The Central Bank of Libya (CBL) has denied links to any funding of terrorists and reaffirmed that economic reforms agreed upon last month in Tunisia are underway despite hurdles caused by the current shutdown of oil ports and exports.
“Economic reform will take effect no matter what.” Said the head of research and survey department at the CBL, Naji Essa, on Thursday in a press conference in Tripoli.
Essa also said that the oil sector must be kept away from the political conflicts in Libya as it makes up 95% of the country’s general budget, adding that such a shutdown of exports affects Libyans in many respects, including their monthly salaries.
“There will be troubles due to the shutdown regarding the financial measures approved by the government in the coming days, knowing that up until the end of June, we did not feel the consequences of the closure.” He explained.
He said reforms will include slapping taxes on selling foreign currencies and other reforms will affect fuel prices, saying that the CBL formed three committees to find solutions for the Libyan citizens, who will be impacted by the reforms.
Responding to the Audit Bureau’s report and accusations against the CBL, the secretary of the CBL’s governor, Fathi Aqoub, said they sent the official response to the Attorney General’s Office, adding that the CBL is ready to be probed for the allegations.
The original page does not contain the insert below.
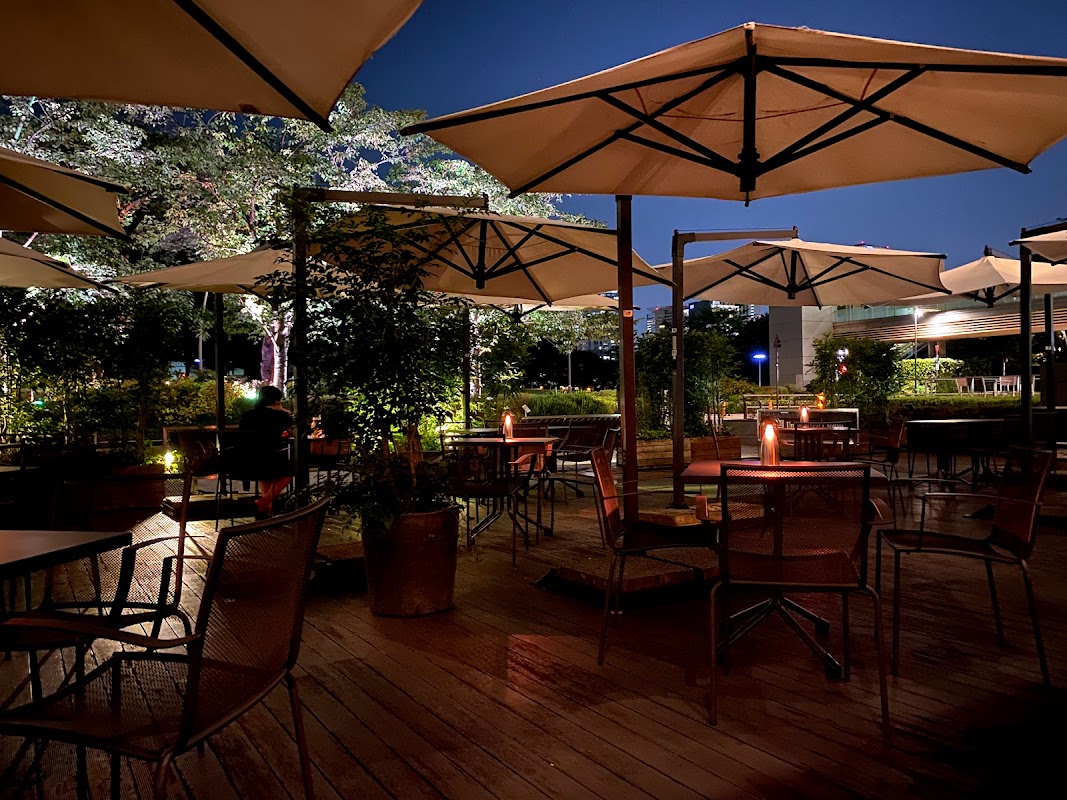 Union Square Tokyo hero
“The Audit Bureau’s report shook the inner circles of state institutions as they were not part of the making process of that report, especially the CBL, which only heard about the report on the media. This was a violation of the internal work codes as such reports should be given to the legislative authority, which is the one that can investigate such claims.” Aqoub added.
He also said that the CBL found it strange to see the Audit Bureau accusing it of manipulating letters of credit because “80% of them receive the Audit Bureau’s approval.
He indicated that the Audit Bureau has violated its work authorities as it expanded its scope to interfere in the CBL’s work as well as other institutions, while its own duty remains one that obliges it to file a report for the annual state expenditure and revenue, “which did not happen for years.”
“Oil ports shall return under the control and protection of Tripoli-based National Oil Corporation and this is the first factor needed for the reforms hold and get materialized on the ground. Libya lost billions of dollars in previous shutdowns and blockades of oil exports and cannot take it anymore.” Aqoub further added.
Khalifa Haftar’s command said in a statement on Wednesday that the CBL governor, Mohammed Al-Shoukri, who is appointed by the House of Representatives, shall assume office in place of Al-Siddiq Al-Kabeer in order to allow oil exportation and to reopen ports.